Successories
- Type: Private
- Industry: Promotional Products
- Founded: 1985
- Headquarters: Boca Raton, Florida, United States
- Area served: North America
- Products: Motivation, Inspiration, and Recognition
- Number of employees: 100
- Subsidiaries: Awards Kusak Crystal
- Website: Successories.com

= Successories =

Producer of motivational office art

Successories is a producer and retailer of motivational office art, mostly featuring photographs paired with sentiments about motivation, teamwork, and perseverance. The word "Successories" is itself a registered trademark.

==History==
Successories was founded in 1985, by Mac Anderson, as an extension of his hobby of collecting quotations and motivational writings. Output initially consisted of books of quotations, award plaques, and customized gifts.

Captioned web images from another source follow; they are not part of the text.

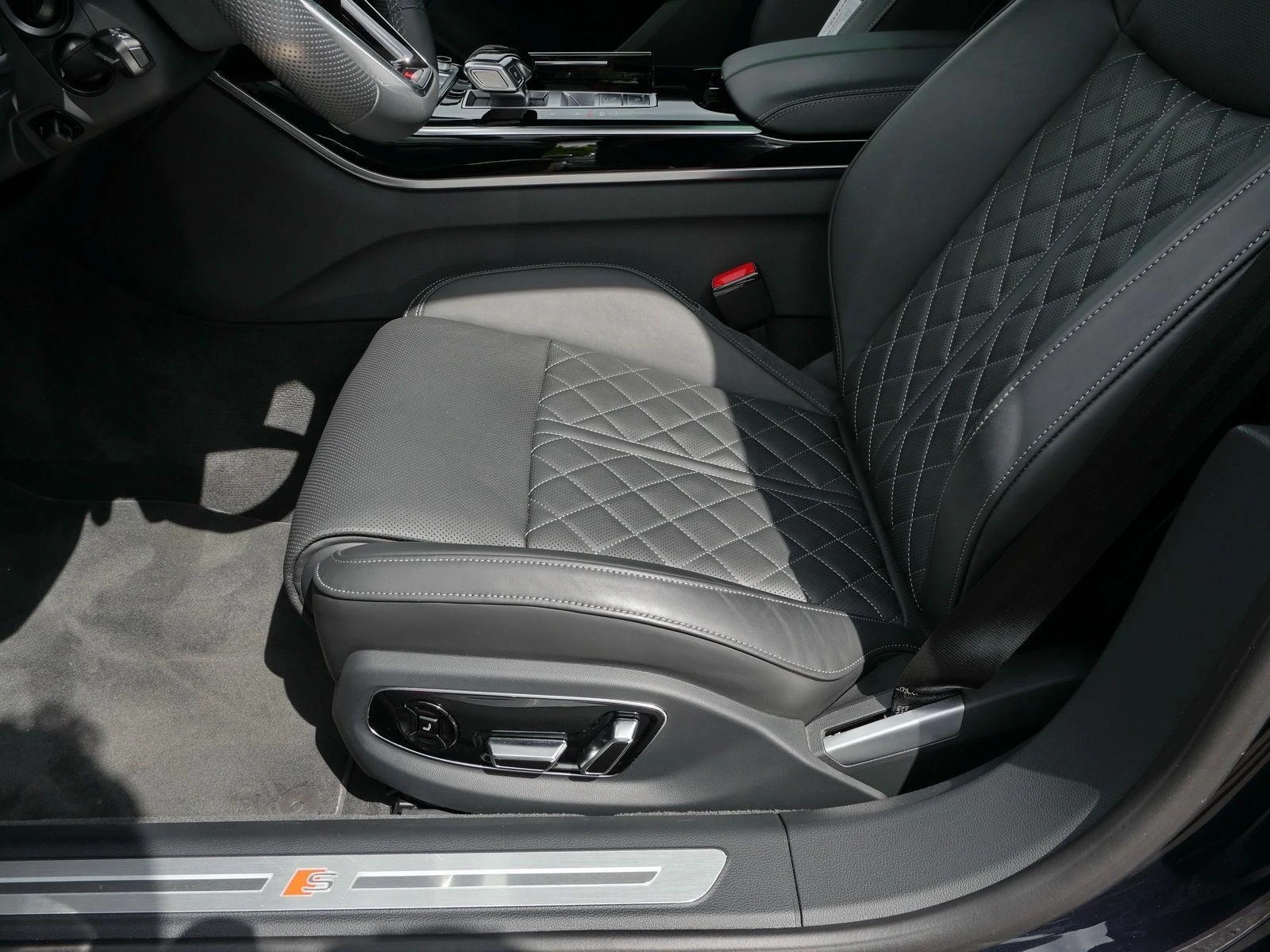 Audi A8 50 TDI QUATTRO S-LINE MATRIX B&O 360 PANO - изображение 6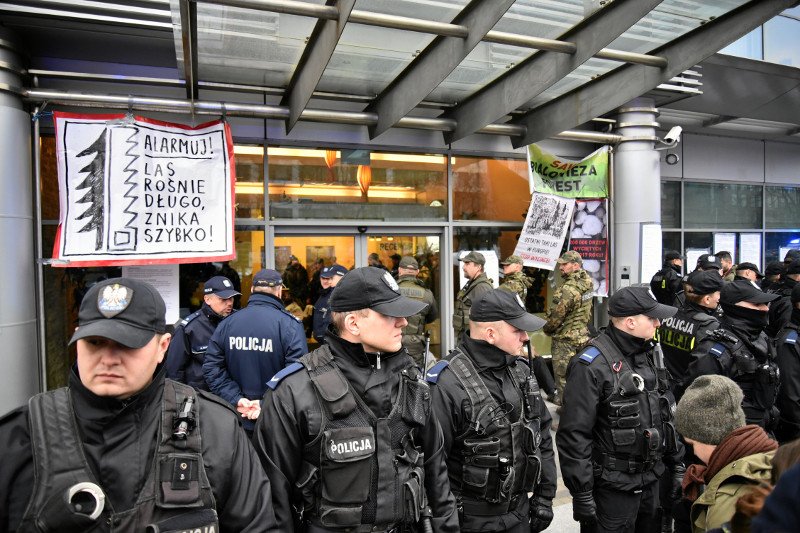 Miarka w sprawie wycinki Puszczy Białowieskiej się przebrała. Ekolodzy blokują siedzibę Lasów Państwowych.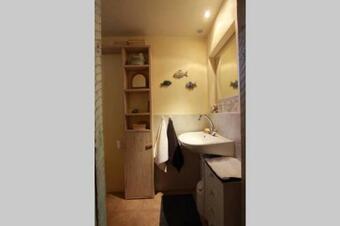 Sommerhaus Mit Hangterrasse Und Au�enkamin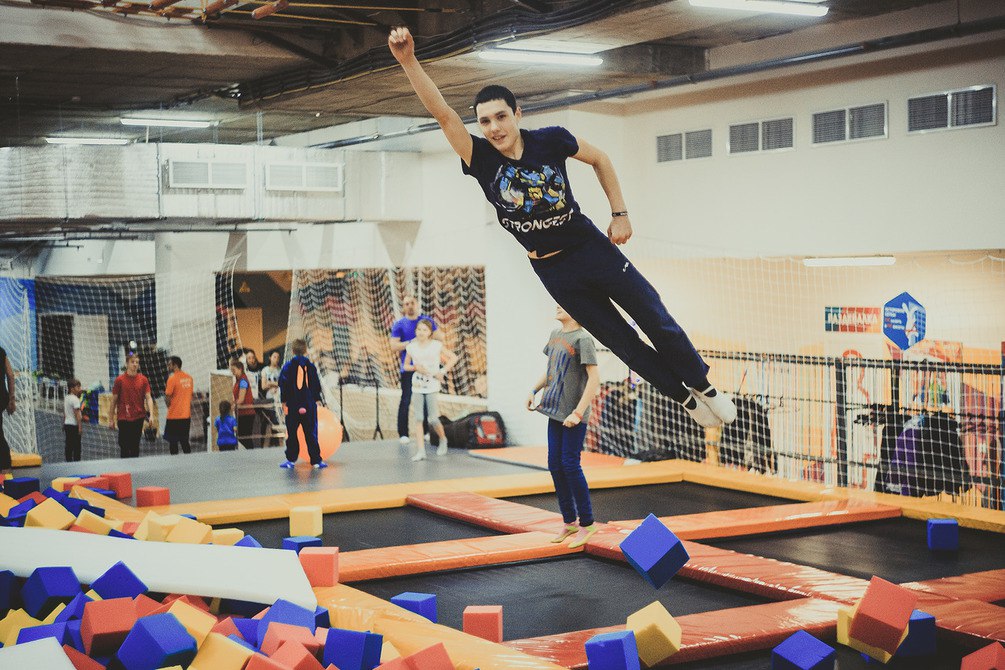 Небо, батутный парк на Севастопольском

Production of framed and captioned photographs, with which they have become identifiable, began soon after.

It has been said that Successories have adorned the office and garage walls of nearly all Silicon Valley startups which went on to become unicorns, but its original line of motivational posters soon began to be parodied.

In 1991, the first of a series of Successories retail stores opened, appearing in a number of malls across the United States. Most importantly, the decision was made to convert all of Successories' company-owned retail stores to franchise stores. The plan was to reduce the operating costs associated with providing the support necessary for company-owned stores. However, most of these stores have closed since going back to private in 2003.

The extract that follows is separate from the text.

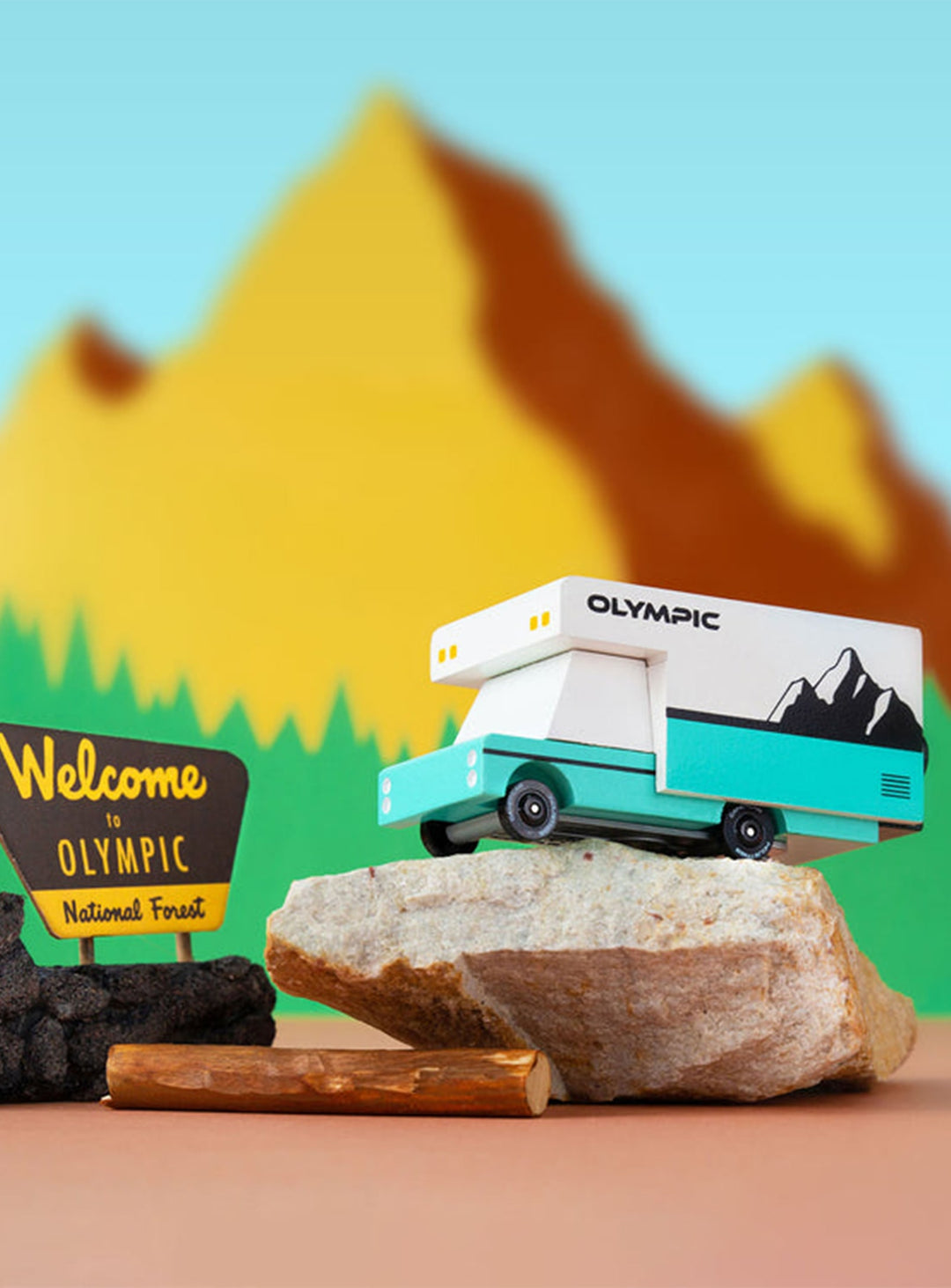 Olympic RV Candylab, camping-car en bois rétro inspiré des années 60.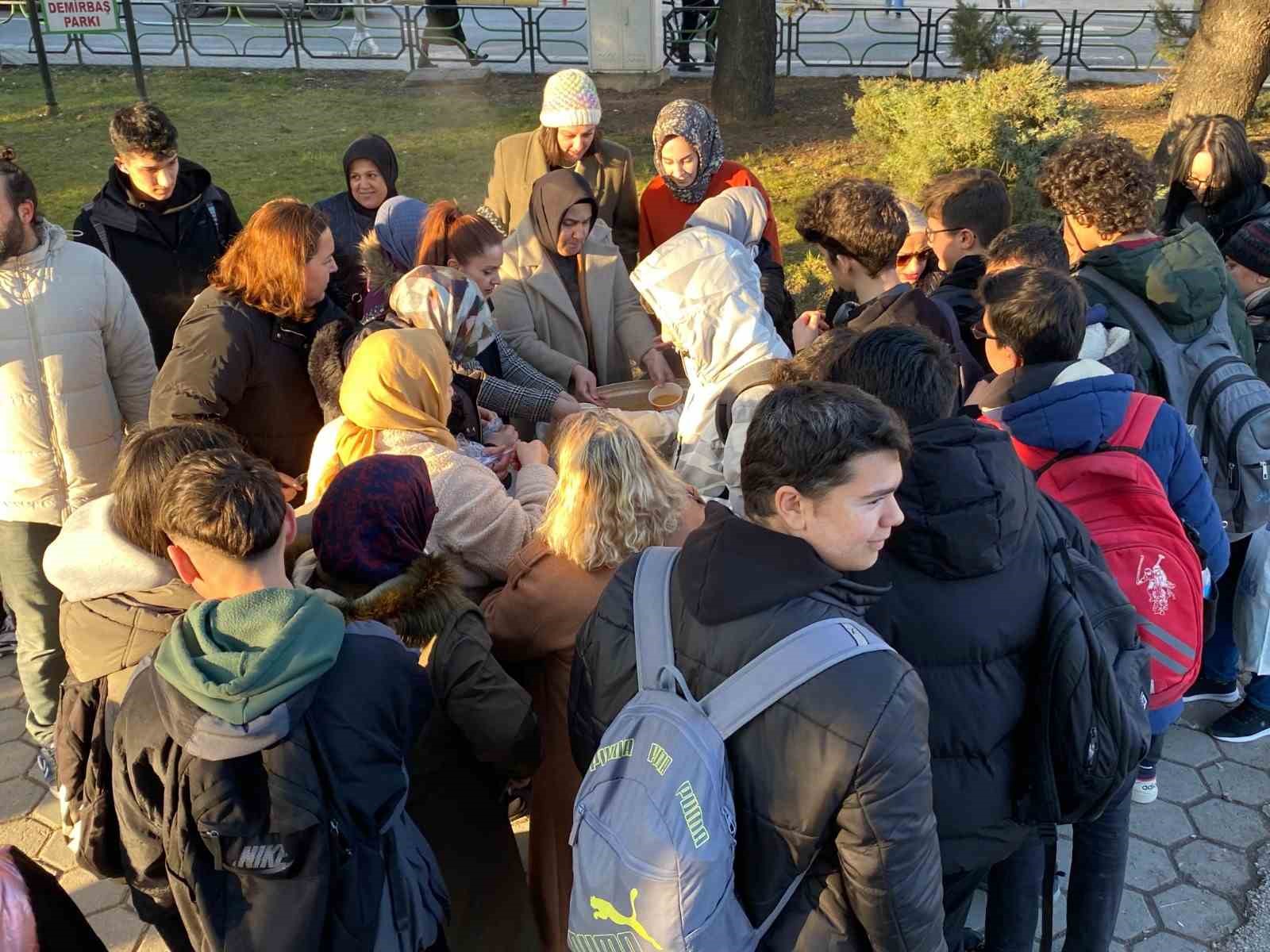 Eskişehir&rsquo;de dağıtılan sıcak &ccedil;orbalara yoğun ilgi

In 2009, Successories was purchased by TWS Partnership, LLC, an investment group controlled by brothers Ted and Warren Struhl, who moved the company from Aurora, IL to Boca Raton, Florida. During that transition, all Successories stores and franchises were closed, thus transforming the brand into an eCommerce retailer with a focus on digital marketing as they moved away from traditional catalogs. Successories has also branched out into other areas of physical products for employee engagement and motivation.